No Uruguai, Congresso vota contra lei que anistiou acusados de tortura na ditadura. Na Argentina, as Forças Armadas serão julgadas por civis
Joana Duarte
O Uruguai e a Argentina voltaram a colocar sobre a mesa um assunto que paira irresoluto nas políticas do continente há mais de duas décadas – desde os tempos da transição da ditadura para a democracia. A decisão do Congresso uruguaio, na quarta-feira, ao votar pela inconstitucionalidade da chamada Lei de Caducidade, que anistiou militares e policiais acusados de tortura durante o período da ditadura militar, abre caminho para a reabertura de outros casos de violações a direitos humanos cometidos pelo regime, segundo os próprios parlamentares. Na Argentina, a partir de hoje, desaparece completamente a proteção da jurisdição penal militar, entrando em vigor uma nova lei pela qual militares que cometerem delitos em tempo de paz serão julgados, como qualquer outro cidadão, pelos tribunais civis comuns.

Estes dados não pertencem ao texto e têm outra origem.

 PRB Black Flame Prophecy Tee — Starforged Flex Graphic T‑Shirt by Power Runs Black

Aprovada durante uma sessão conjunta de deputados e senadores por 69 votos a dois, a decisão do legislativo uruguaio ampara um pedido pessoal do atual presidente, Tabaré Vázquez, para que a lei fosse declarada inconstitucional no caso específico de Nibya Sabalsagaray, uma jovem comunista militante torturada até a morte em 1974 dentro de um quartel militar, após ter escrito a frase "abaixo a ditadura" em um muro.

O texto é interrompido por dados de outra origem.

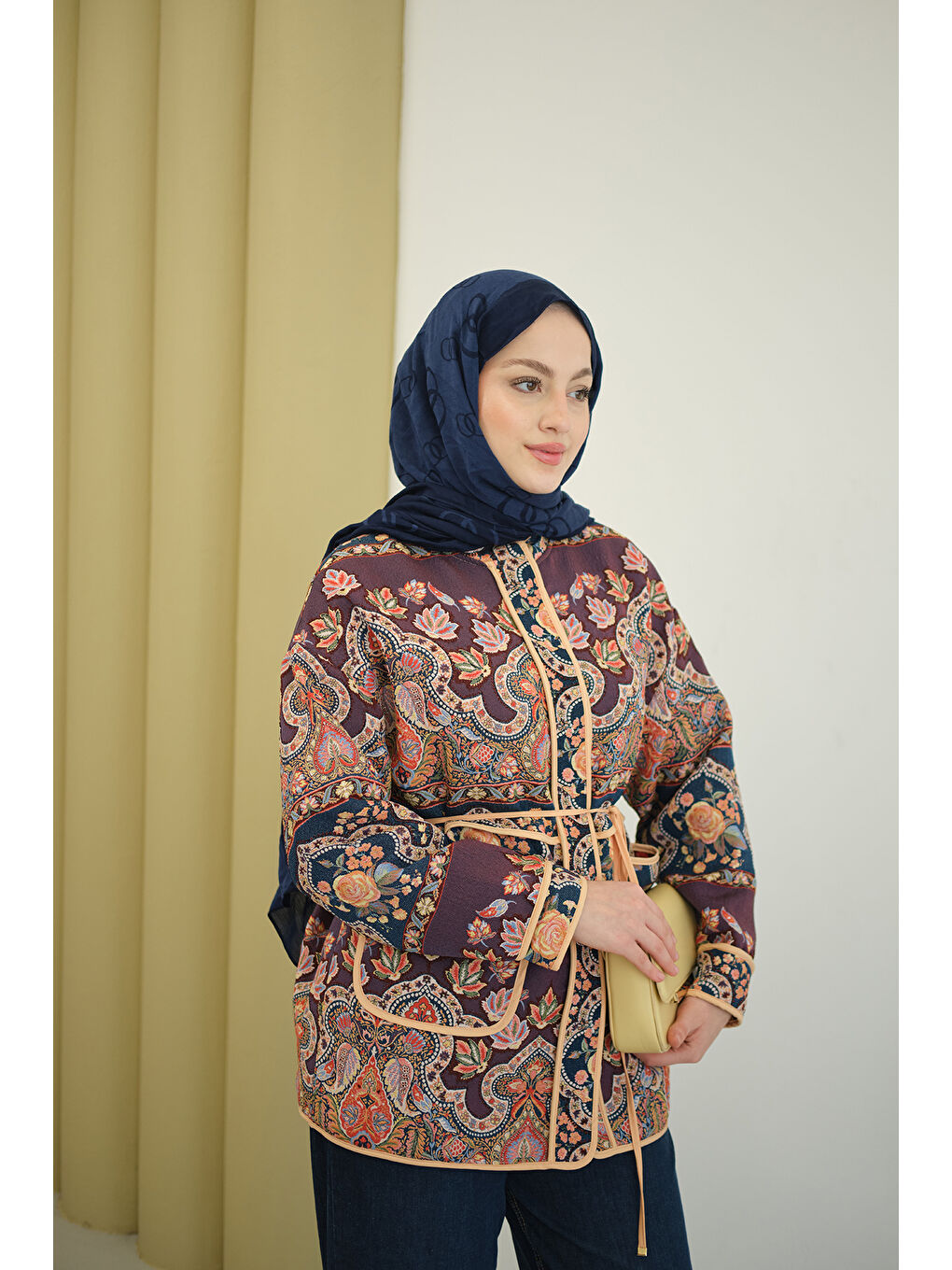 Kadın Etnik Desen Biyeli Ceket Mürdüm-3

Já a reforma penal militar na Argentina vem junto a outras iniciativas recentes do governo para modificar visceralmente a mentalidade da formação profissional dos militares, que historicamente se beneficiavam de jurisdição penal mais branda, sem independência judicial, que permitia, por exemplo, que integrantes dos tribunais militares não fossem advogados.

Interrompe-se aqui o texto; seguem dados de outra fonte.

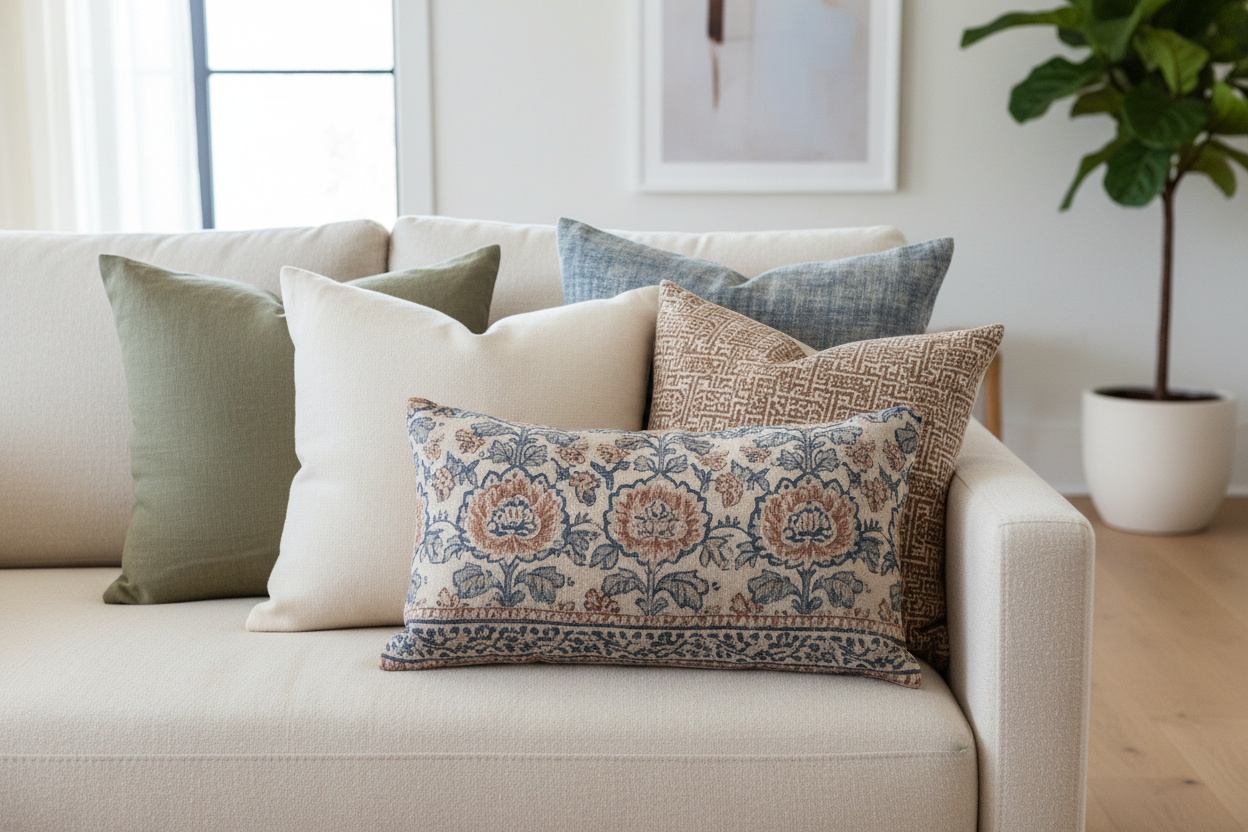 Five decorative pillow covers on neutral beige sofa with art and tree in background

– Considero o fim da anistia uma atitude corretíssima do Congresso do Uruguai, assim como deve ocorrer na Argentina ou no Chile, porque nestes países as leis de anistia foram concedidas pelos próprios militares no fim da ditadura, ou seja, uma espécie de autoanistia – afirmou Roberto Freire, atual presidente do Partido Popular Socialista (PPS).
– No caso do Brasil, precisamos ter mais cuidado porque nossa Lei de Anistia foi sancionada pelo Executivo depois de aprovada pela Assembleia Nacional Constituinte de um governo democrático.
Freire entende que quando a Lei da Caducidade foi aprovada pelo Congresso do Uruguai, em 1986, o legislativo sofria fortes pressões dos militares, que à época simplesmente se recusavam a se apresentar à Justiça para explicar crimes cometidos durante o período da ditadura.
Além de respaldar o pedido do presidente uruguaio, a decisão do Congresso atendeu também a um pedido da Suprema Corte de Justiça, num momento em que se prepara para julgar o caso de Nibya apresentado pela promotora Mirtha Guianze. A partir da decisão do legislativo, o STJ uruguaio terá um pouco mais de 100 dias para se pronunciar sobre a ação de incontitucionalidade proposta contra a Lei de Caducidade.
A palavra final sobre a lei deverá vir da Suprema Corte de Justiça, enfatizam criminalistas, numa decisão que poderá abrir caminho – na opinião de parlamentares da oposição e do governo – para a reabertura de outros casos de abusos cometidos durante a ditadura.
Mas para Daniel Chasquetti, professor de ciências políticas da Universidade da República, em Montevidéu, a declaração do Congresso e o eventual julgamento da Suprema Corte valem para um único caso e não geram precedentes jurídicos no Uruguai.
– O que certamente deve ocorrer em novos casos serão os advogados de familiares de vítimas da ditadura contenderem a inconstitucionalidade da lei de anistia para situações específicas. Embora a decisão da Suprema Corte sirva apenas para um único caso, se a corte declarar o caso de Nibya
inconstitucional, vai haver centenas de pedidos semelhantes e provavelmente, todos obterão a mesma declaração.
Chasquetti considera esta a consequência politica mais importante de todo o processo, isto é, a consolidação da posição da Suprema Corte, e destaca também que a decisão do Congresso já pode ser vista como uma condenação contundente e direta ao Exército uruguaio:
– Sem dúvidas, isso é uma crítica vigorosa às Forças Armadas que agora se encontram desamparadas pelo legislativo e ameaçadas por uma provável decisão desfavorável da Suprema Corte.